Your objective: For every line below, restate it exactly and drop the images.

Information shown:
┏━━

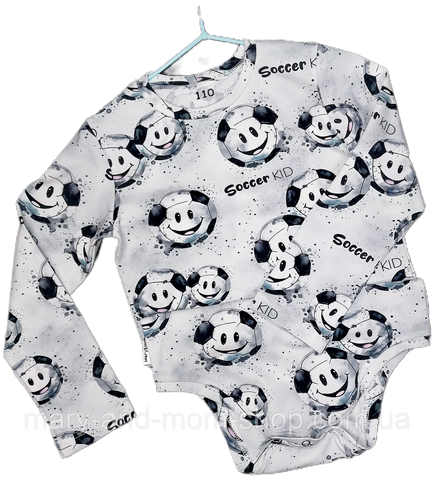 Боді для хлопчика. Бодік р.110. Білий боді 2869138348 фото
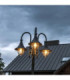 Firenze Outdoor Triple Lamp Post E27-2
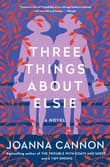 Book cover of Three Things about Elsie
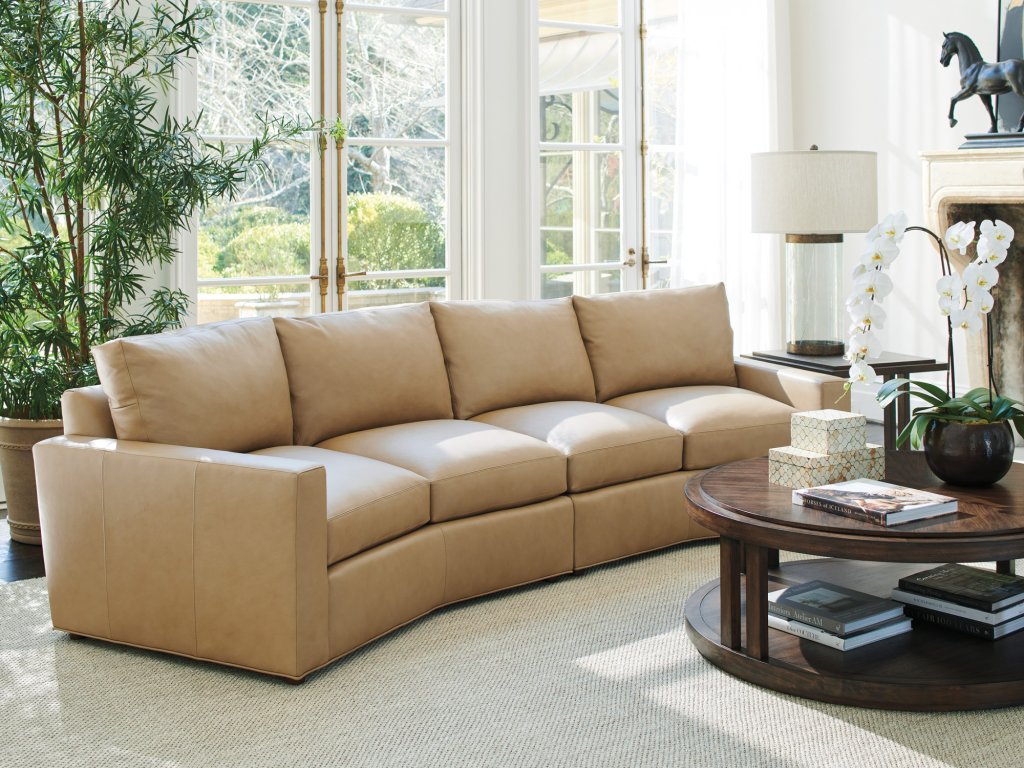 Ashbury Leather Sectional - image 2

┗━━

Answer to the exercise:
 Боді для хлопчика. Бодік р.110. Білий боді 2869138348 фото
 Firenze Outdoor Triple Lamp Post E27-2
 Book cover of Three Things about Elsie
 Ashbury Leather Sectional - image 2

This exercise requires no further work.